# New here



## davidleehere (Apr 12, 2010)

Hey guys,

I am David Lee. At the age of 28, I am a young martial artist with over 14 years of training and practise of Chinese Kungfu. I learned traditional Fu Family Bagua from Fu Zhen-Song's grand disciple, Lin Xing-Gan, and a few years later, became Professor Fang Ning's student. For over 8 years, I kept refining the techniques & skills Mr. Fang taught me and now I am an assistant in his teaching of traditional Yang Family Tai-Chi.


----------



## OnlyAnEgg (Apr 12, 2010)

Well, then...welcome


----------



## bluekey88 (Apr 12, 2010)

Welcome!


----------



## morph4me (Apr 12, 2010)

Hello David, welcome to MT


----------



## terryl965 (Apr 12, 2010)

Welcome and enjoy the site...


----------



## Hawke (Apr 12, 2010)

Welcome to Martial Talk.


----------



## Xue Sheng (Apr 12, 2010)

ni hao


----------



## Drac (Apr 13, 2010)

Greetings and Welcome to MT....


----------



## Jade Tigress (Apr 13, 2010)

Welcome to Martial Talk!
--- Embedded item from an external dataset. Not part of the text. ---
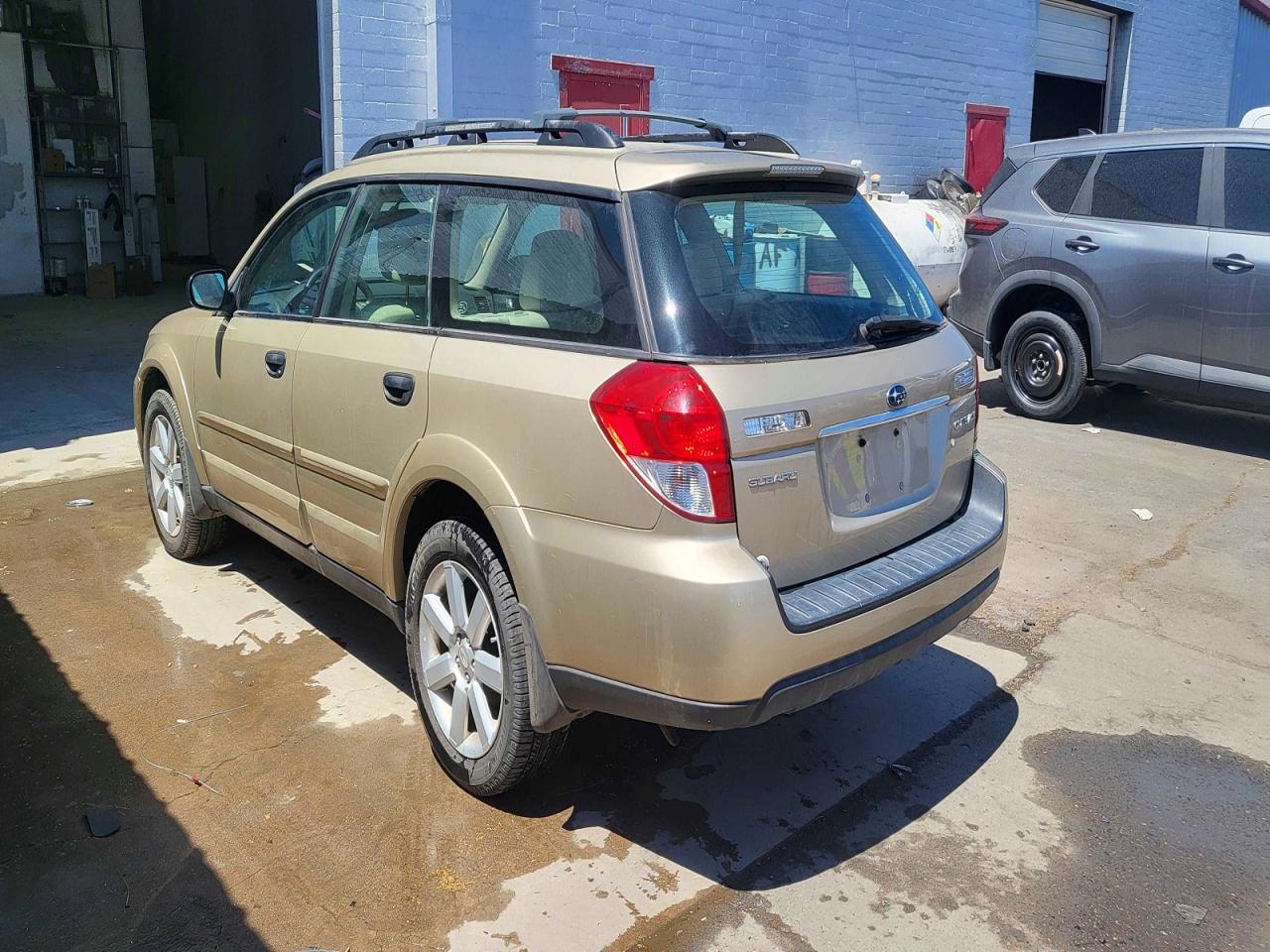 2008 Subaru Outback 2.5I - Фото 3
Happy posting!


----------



## Shawn-San (Apr 14, 2010)

Greetings.


----------



## grydth (Apr 14, 2010)

Welcome - we look forward to seeing some of your insights in the Chinese arts section.


----------



## stickarts (Apr 15, 2010)

Welcome!


----------



## 72ronin (Apr 21, 2010)

Welcome to MT


----------



## seasoned (Apr 21, 2010)

Welcome aboard.


----------



## SahBumNimRush (Apr 21, 2010)

Welcome to MT, look forward to seeing you out on the threads.


----------